Chen Eric Z, Bushman Frederic D, Li Hongzhe
Department of Biostatistics and Epidemiology, University of Pennsylvania School of Medicine, Philadelphia, PA 19104, USA.
Department of Microbiology, University of Pennsylvania School of Medicine, Philadelphia, PA 19104, USA.
Stat Biosci. 2017 Jun;9(1):13-27. doi: 10.1007/s12561-016-9148-x. Epub 2016 May 16.

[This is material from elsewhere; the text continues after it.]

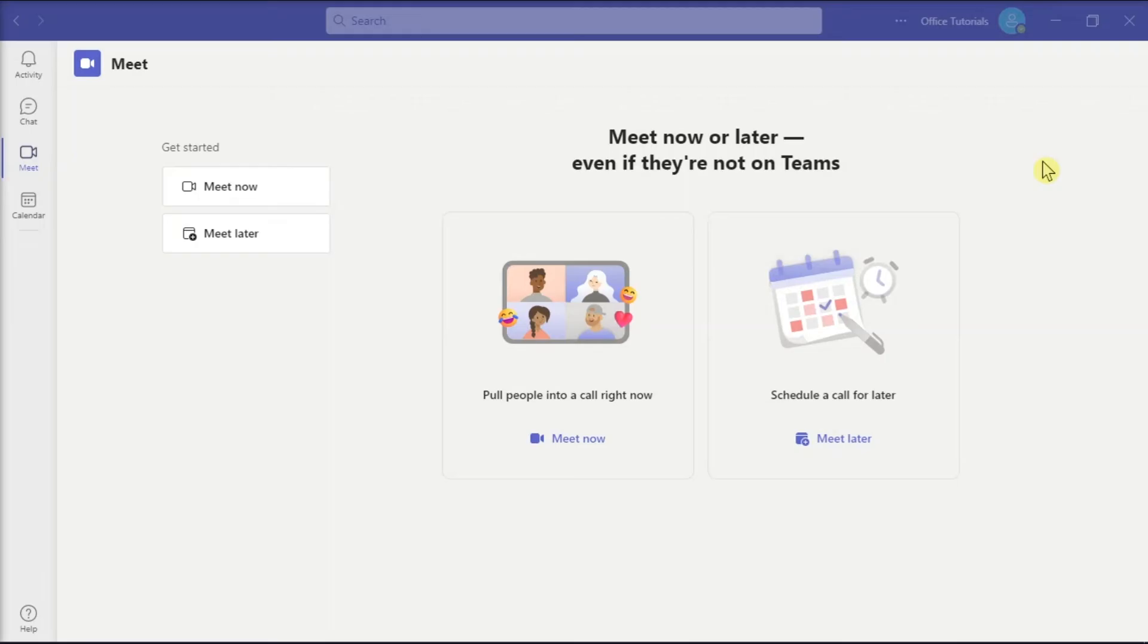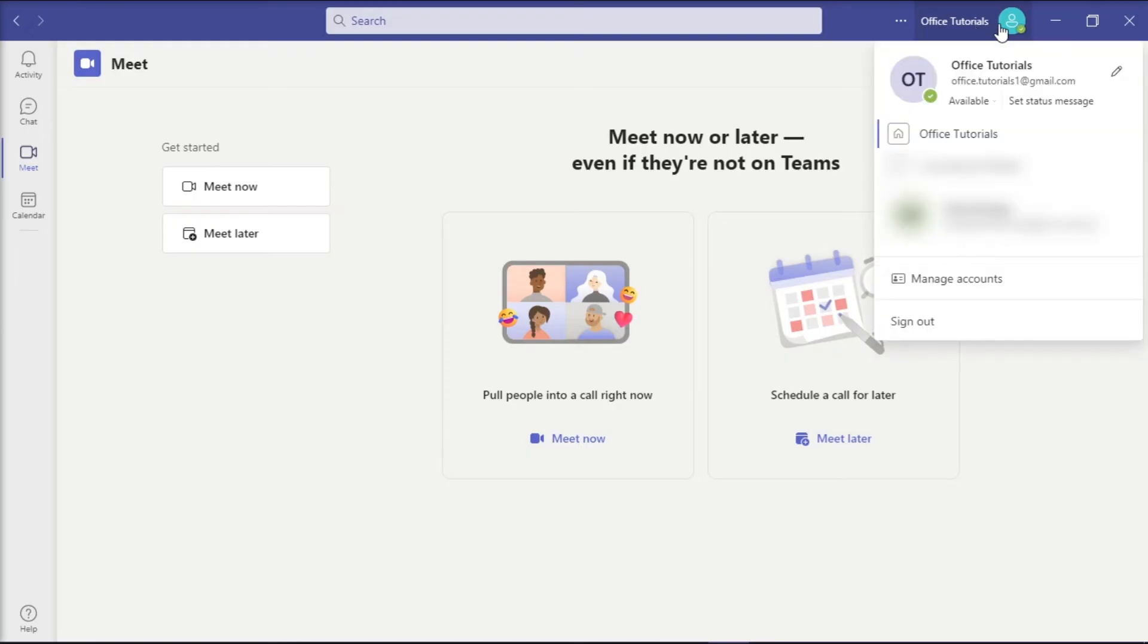Lastly, you may want to sign out of your account on the Microsoft Teams application, wait for a few seconds, and try signing back in again. This has worked well for some users.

The human microbiome, which includes the collective microbes residing in or on the human body, has a profound influence on the human health. DNA sequencing technology has made the large-scale human microbiome studies possible by using shotgun metagenomic sequencing. One important aspect of data analysis of such metagenomic data is to quantify the bacterial abundances based on the metagenomic sequencing data. Existing methods almost always quantify such abundances one sample at a time, which ignore certain systematic differences in read coverage along the genomes due to GC contents, copy number variation and the bacterial origin of replication. In order to account for such differences in read counts, we propose a multi-sample Poisson model to quantify microbial abundances based on read counts that are assigned to species-specific taxonomic markers. Our model takes into account the marker-specific effects when normalizing the sequencing count data in order to obtain more accurate quantification of the species abundances. Compared to currently available methods on simulated data and real data sets, our method has demonstrated an improved accuracy in bacterial abundance quantification, which leads to more biologically interesting results from downstream data analysis.
人类微生物组包括存在于人体内部或体表的所有微生物,对人类健康有着深远影响。DNA测序技术通过鸟枪法宏基因组测序使大规模人类微生物组研究成为可能。此类宏基因组数据分析的一个重要方面是根据宏基因组测序数据对细菌丰度进行量化。现有方法几乎总是一次对一个样本的此类丰度进行量化,这忽略了由于GC含量、拷贝数变异和细菌复制起点等因素导致的沿基因组读取覆盖的某些系统差异。为了考虑读取计数中的此类差异,我们提出了一种多样本泊松模型,基于分配给物种特异性分类标记的读取计数来量化微生物丰度。我们的模型在对测序计数数据进行归一化时考虑了标记特异性效应,以便更准确地量化物种丰度。与目前在模拟数据和真实数据集上可用的方法相比,我们的方法在细菌丰度量化方面表现出更高的准确性,这使得下游数据分析能够得出更具生物学意义的结果。